Source records

++++++++++

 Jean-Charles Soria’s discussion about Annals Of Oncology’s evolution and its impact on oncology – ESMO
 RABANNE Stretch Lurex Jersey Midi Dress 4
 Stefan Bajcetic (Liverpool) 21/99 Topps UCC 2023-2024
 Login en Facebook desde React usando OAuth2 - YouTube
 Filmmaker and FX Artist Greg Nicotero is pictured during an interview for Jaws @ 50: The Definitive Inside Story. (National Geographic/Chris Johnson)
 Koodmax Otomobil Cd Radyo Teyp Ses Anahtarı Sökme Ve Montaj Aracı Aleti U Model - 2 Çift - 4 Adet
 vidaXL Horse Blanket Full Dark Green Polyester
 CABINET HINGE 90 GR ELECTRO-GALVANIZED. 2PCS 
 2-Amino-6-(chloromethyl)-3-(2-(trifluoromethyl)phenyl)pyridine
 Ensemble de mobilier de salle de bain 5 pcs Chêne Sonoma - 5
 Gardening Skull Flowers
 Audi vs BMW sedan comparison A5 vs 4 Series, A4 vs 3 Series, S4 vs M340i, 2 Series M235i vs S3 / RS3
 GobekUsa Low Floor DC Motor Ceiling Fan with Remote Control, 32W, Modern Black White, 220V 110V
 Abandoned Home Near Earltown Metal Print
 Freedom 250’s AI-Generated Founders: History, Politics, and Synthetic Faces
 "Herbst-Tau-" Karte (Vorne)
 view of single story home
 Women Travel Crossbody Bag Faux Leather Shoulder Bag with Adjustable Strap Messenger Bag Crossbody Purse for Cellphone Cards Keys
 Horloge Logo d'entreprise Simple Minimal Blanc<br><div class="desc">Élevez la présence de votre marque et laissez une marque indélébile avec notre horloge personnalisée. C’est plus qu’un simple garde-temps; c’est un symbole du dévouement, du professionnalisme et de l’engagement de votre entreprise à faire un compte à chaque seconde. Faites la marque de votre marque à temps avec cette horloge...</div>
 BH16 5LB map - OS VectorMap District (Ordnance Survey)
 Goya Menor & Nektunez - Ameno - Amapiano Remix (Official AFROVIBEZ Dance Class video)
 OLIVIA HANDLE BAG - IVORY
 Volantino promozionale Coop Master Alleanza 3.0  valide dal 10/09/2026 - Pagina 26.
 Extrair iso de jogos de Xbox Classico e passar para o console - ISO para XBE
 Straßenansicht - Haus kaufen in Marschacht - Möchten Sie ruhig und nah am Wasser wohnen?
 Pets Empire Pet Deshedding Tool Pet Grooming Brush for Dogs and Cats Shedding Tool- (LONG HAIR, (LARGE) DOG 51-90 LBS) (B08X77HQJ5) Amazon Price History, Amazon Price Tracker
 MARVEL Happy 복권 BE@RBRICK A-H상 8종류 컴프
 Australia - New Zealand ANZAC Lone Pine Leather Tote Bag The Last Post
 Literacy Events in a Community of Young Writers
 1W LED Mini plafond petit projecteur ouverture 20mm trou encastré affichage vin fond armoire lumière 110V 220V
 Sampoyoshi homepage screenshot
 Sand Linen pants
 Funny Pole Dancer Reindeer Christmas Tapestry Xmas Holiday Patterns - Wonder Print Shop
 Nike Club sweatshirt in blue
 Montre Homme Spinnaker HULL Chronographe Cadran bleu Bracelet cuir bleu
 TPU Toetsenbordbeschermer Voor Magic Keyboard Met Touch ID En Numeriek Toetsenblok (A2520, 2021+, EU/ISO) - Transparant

++++++++++

Aim of the exercise
Type out the material again, matching every line.

Your solution
 Jean-Charles Soria’s discussion about Annals Of Oncology’s evolution and its impact on oncology – ESMO
 RABANNE Stretch Lurex Jersey Midi Dress 4
 Stefan Bajcetic (Liverpool) 21/99 Topps UCC 2023-2024
 Login en Facebook desde React usando OAuth2 - YouTube
 Filmmaker and FX Artist Greg Nicotero is pictured during an interview for Jaws @ 50: The Definitive Inside Story. (National Geographic/Chris Johnson)
 Koodmax Otomobil Cd Radyo Teyp Ses Anahtarı Sökme Ve Montaj Aracı Aleti U Model - 2 Çift - 4 Adet
 vidaXL Horse Blanket Full Dark Green Polyester
 CABINET HINGE 90 GR ELECTRO-GALVANIZED. 2PCS 
 2-Amino-6-(chloromethyl)-3-(2-(trifluoromethyl)phenyl)pyridine
 Ensemble de mobilier de salle de bain 5 pcs Chêne Sonoma - 5
 Gardening Skull Flowers
 Audi vs BMW sedan comparison A5 vs 4 Series, A4 vs 3 Series, S4 vs M340i, 2 Series M235i vs S3 / RS3
 GobekUsa Low Floor DC Motor Ceiling Fan with Remote Control, 32W, Modern Black White, 220V 110V
 Abandoned Home Near Earltown Metal Print
 Freedom 250’s AI-Generated Founders: History, Politics, and Synthetic Faces
 "Herbst-Tau-" Karte (Vorne)
 view of single story home
 Women Travel Crossbody Bag Faux Leather Shoulder Bag with Adjustable Strap Messenger Bag Crossbody Purse for Cellphone Cards Keys
 Horloge Logo d'entreprise Simple Minimal Blanc<br><div class="desc">Élevez la présence de votre marque et laissez une marque indélébile avec notre horloge personnalisée. C’est plus qu’un simple garde-temps; c’est un symbole du dévouement, du professionnalisme et de l’engagement de votre entreprise à faire un compte à chaque seconde. Faites la marque de votre marque à temps avec cette horloge...</div>
 BH16 5LB map - OS VectorMap District (Ordnance Survey)
 Goya Menor & Nektunez - Ameno - Amapiano Remix (Official AFROVIBEZ Dance Class video)
 OLIVIA HANDLE BAG - IVORY
 Volantino promozionale Coop Master Alleanza 3.0  valide dal 10/09/2026 - Pagina 26.
 Extrair iso de jogos de Xbox Classico e passar para o console - ISO para XBE
 Straßenansicht - Haus kaufen in Marschacht - Möchten Sie ruhig und nah am Wasser wohnen?
 Pets Empire Pet Deshedding Tool Pet Grooming Brush for Dogs and Cats Shedding Tool- (LONG HAIR, (LARGE) DOG 51-90 LBS) (B08X77HQJ5) Amazon Price History, Amazon Price Tracker
 MARVEL Happy 복권 BE@RBRICK A-H상 8종류 컴프
 Australia - New Zealand ANZAC Lone Pine Leather Tote Bag The Last Post
 Literacy Events in a Community of Young Writers
 1W LED Mini plafond petit projecteur ouverture 20mm trou encastré affichage vin fond armoire lumière 110V 220V
 Sampoyoshi homepage screenshot
 Sand Linen pants
 Funny Pole Dancer Reindeer Christmas Tapestry Xmas Holiday Patterns - Wonder Print Shop
 Nike Club sweatshirt in blue
 Montre Homme Spinnaker HULL Chronographe Cadran bleu Bracelet cuir bleu
 TPU Toetsenbordbeschermer Voor Magic Keyboard Met Touch ID En Numeriek Toetsenblok (A2520, 2021+, EU/ISO) - Transparant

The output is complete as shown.